Resumo criado por JUSTICIA, o assistente de inteligência artificial do Jus.

"(,,,)

Com o tempo a gente consegue

ser livre, ético e o escambau.

Dirão: é inútil, todo mundo aqui é corrupto,

desde o primeiro homem

que veio de Portugal.

E eu direi: não admito.

Minha esperança é imortal.

E eu repito: ouviram? Imortal.

Sei que não dá pra mudar o começo.

Mas, se a gente quiser,

vai dar pra mudar o final." (g.n.)

Elisa Lucinda [01]

1.INTRODUÇÃO

Um dos grandes males que afetam a sociedade brasileira há muito tempo é a corrupção. Em face disso, o Estado tem criado e implementado diversos meios legais para combatê-la.

Destaca-se no cumprimento desse papel o Ministério Público, que por possuir inúmeras atribuições constitucionais e gozar de valiosíssimas prerrogativas institucionais, tem tido atuação forte na tentativa de moralizar a Administração Pública.

Assim, deve ser constantemente repensada sua atuação funcional no que diz respeito ao controle dos atos praticados pela Administração Pública. É a isso que se propõe o presente artigo, numa tentativa de avaliar uma nova fórmula de se lidar com a corrupção por essa Instituição.


2.DEFINIÇÃO DE CORRUPÇÃO – O CASO BRASILEIRO

Para o termo corrupção não se tem uma definição exata. A palavra pode tomar diversas acepções, dependendo do contexto em que é inserida. Deriva ela do latim corruptus [02], que pode significar quebrado em pedaços ou, então, apodrecido, depravado.

Porém, pode-se tomá-la no sentido mais comum em que ela é utilizada, sendo aquela situação em que há uma obtenção de vantagem por alguém mediante a quebra da impessoalidade. Ou seja, numa relação que deveria ser regida pelo aspecto impessoal, há desrespeito a essa orientação, atendendo-se a alguém por motivo de amizade, vantagem financeira ou qualquer outro meio ilegítimo.

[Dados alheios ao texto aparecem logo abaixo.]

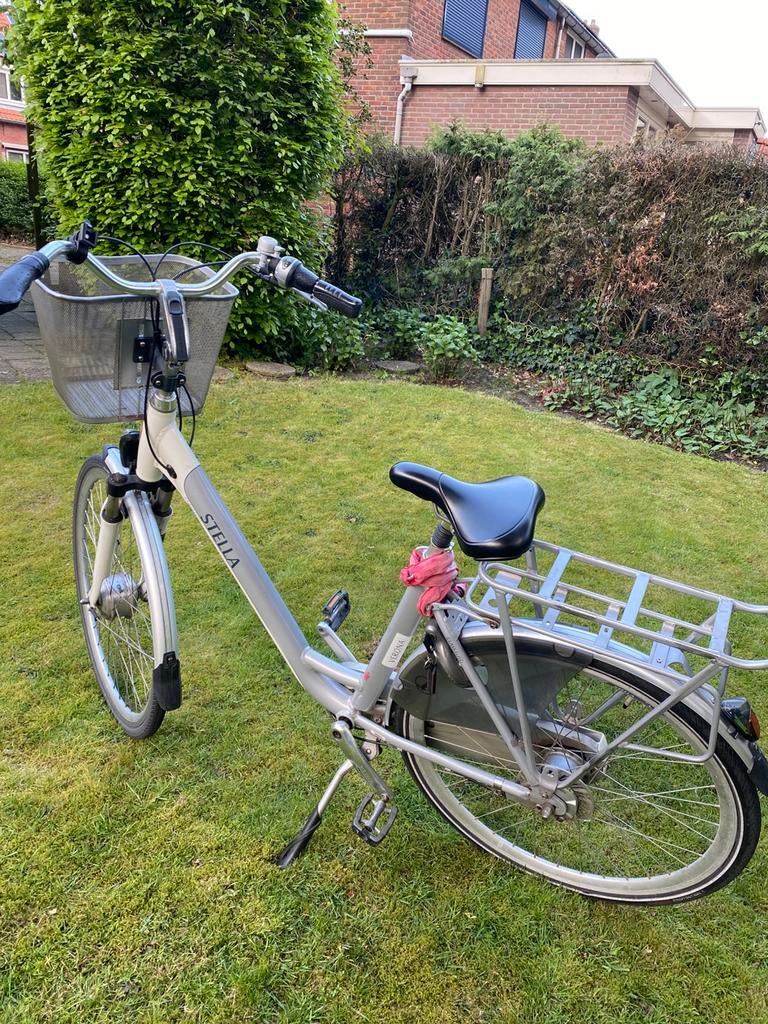 Damesfiets merk Stella, Overige merken, Gebruikt, 47 tot 50 cm, Versnellingen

Nesse sentido, o termo corrupção não está ligado somente à questão pública, havendo, de igual forma, corrupção na esfera privada. E o exemplo que se dá dessa última é o de pagamento de suborno por uma empresa para um diretor de estabelecimento concorrente a fim de se obter o segredo profissional da competidora.

Contudo, o que interessa ao presente artigo é a corrupção pública que a população brasileira de há muito se acostumou a ver no seu cotidiano, seja nos bate-papos, seja nos noticiários da imprensa.

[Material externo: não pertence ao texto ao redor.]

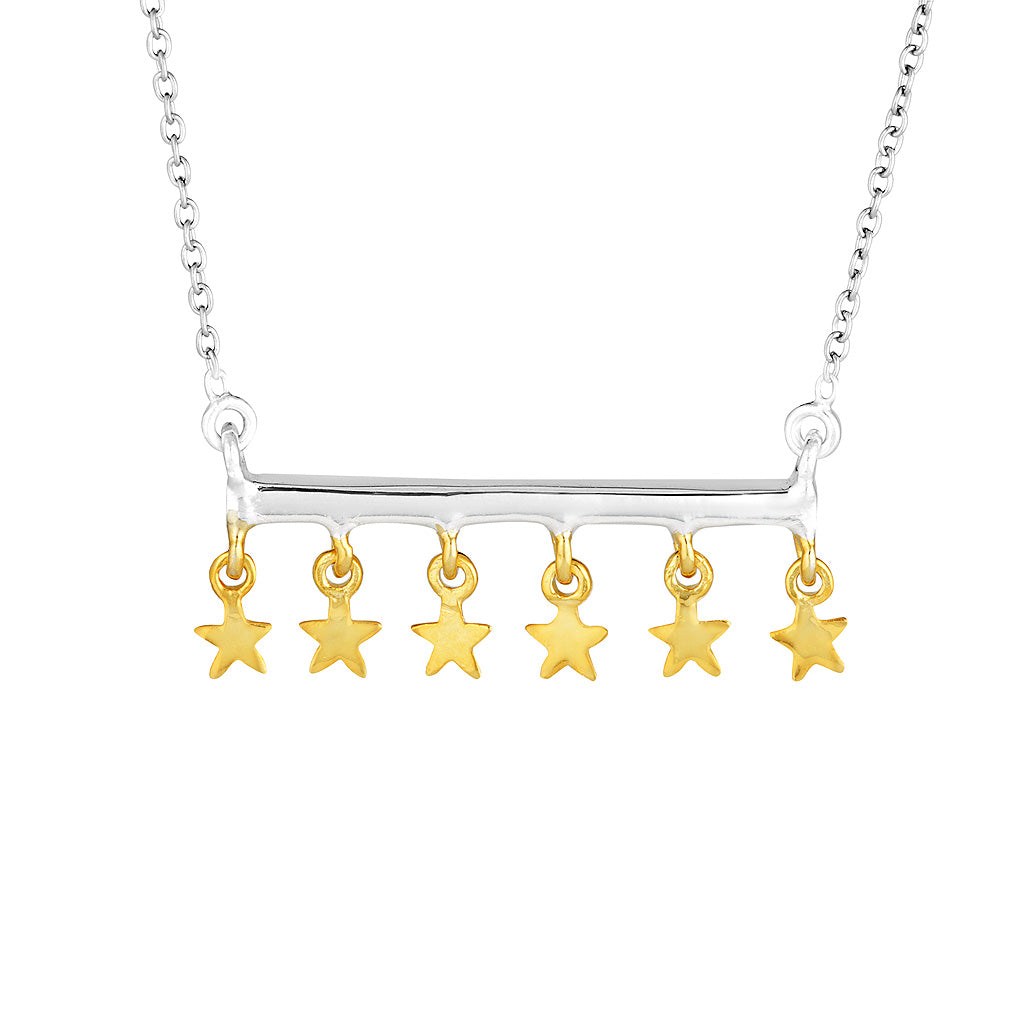 Superstar Necklace- Sterling Silver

Um caso corriqueiro e simbólico de corrupção é a solicitação ou exigência de vantagens por policiais rodoviários de motoristas flagrados infringindo regras de trânsito, para que se deixe de lavrar o auto de infração de imposição de multa. Se um brasileiro ainda não passou por essa situação, quase sempre sabe de alguém que a tenha vivenciado. Infelizmente, essa é a conduta leviana adotada por alguns profissionais dessa e de outras categorias, que se submetem ao suborno.

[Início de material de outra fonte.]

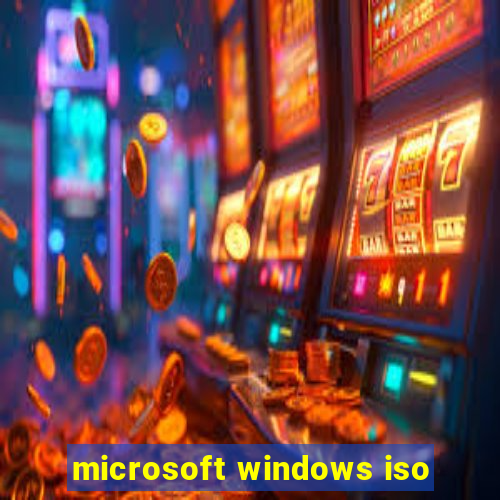 microsoft windows iso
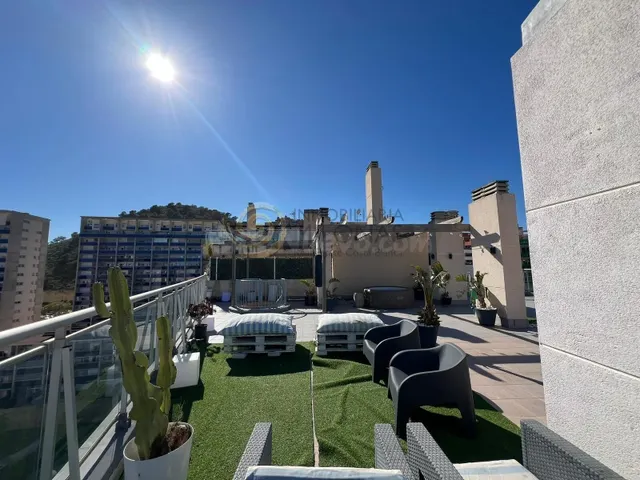 Espectacular ático duplex con vistas al mar y montaña en La  - foto 4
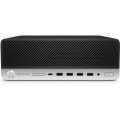 PC Refurbished HP ProDesk 600 G5 SFF, Intel Core i5-9500 3.00-4.40GHz, 8GB DDR4, 256GB SSD + Windows 11 Pro
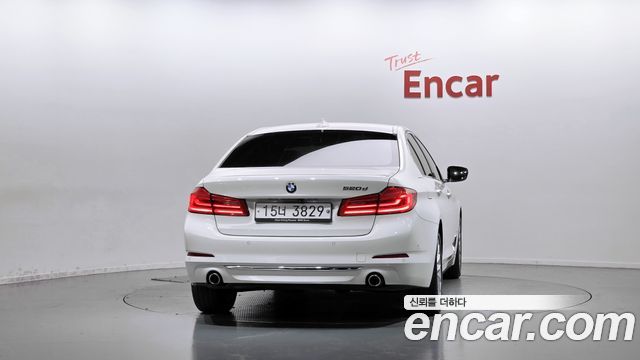BMW 5-Series из Кореи Encar
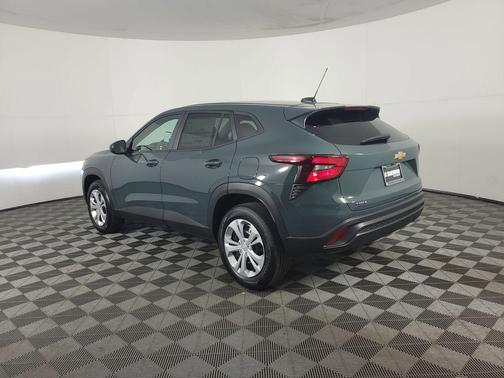 Cypress Gray 2026 Chevrolet Trax LS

Além disso, o fenômeno da corrupção é encontrado nas três esferas do Estado, tendo atingido até mesmo o Poder Judiciário, que antes gozava de uma imagem sacra perante a população. As operações policiais que descobriram o comércio de decisões judiciais tornaram-se públicas. Assim, é falsa a impressão de que por lidarem os Poderes Executivo e Legislativo com a destinação das verbas públicas, seriam os únicos focos da corrupção estatal.

Nessa toada, compreende distinguir corrupção política de corrupção administrativa.

A corrupção política faz-se no âmbito da elaboração das leis e nas tomadas de decisões políticas, envolvendo agentes de poder. Ou seja, mesmo que tenhamos em vigor uma lei aprovada pelo Parlamento, isso não nos permite dizer que o ato normativo é legítimo, pois pode ter sido fruto de vício da vontade parlamentar. Esse fenômeno é mais perigoso, pois está camuflado nos bastidores políticos e vicia a própria representação popular no parlamento, deturpando a democracia.

Um caso recente, que bem demonstra a corrupção política, é o famoso "Mensalão", em que ficou fortemente evidenciado que inúmeros parlamentares recebiam recursos públicos e privados, para apoiar a base governista do Governo Lula. Os acusados estão sendo processados no Supremo Tribunal Federal, na Ação Penal n.º 470, de Relatoria do Ministro Joaquim Barbosa [03], em face da prerrogativa de foro de alguns dos réus, que atrai por conexão o processo dos demais acusados [04]. Interessante registrar que há corrente doutrinária que sustenta ser inconstitucional por vício de decoro parlamentar a norma aprovada dessa forma. [05]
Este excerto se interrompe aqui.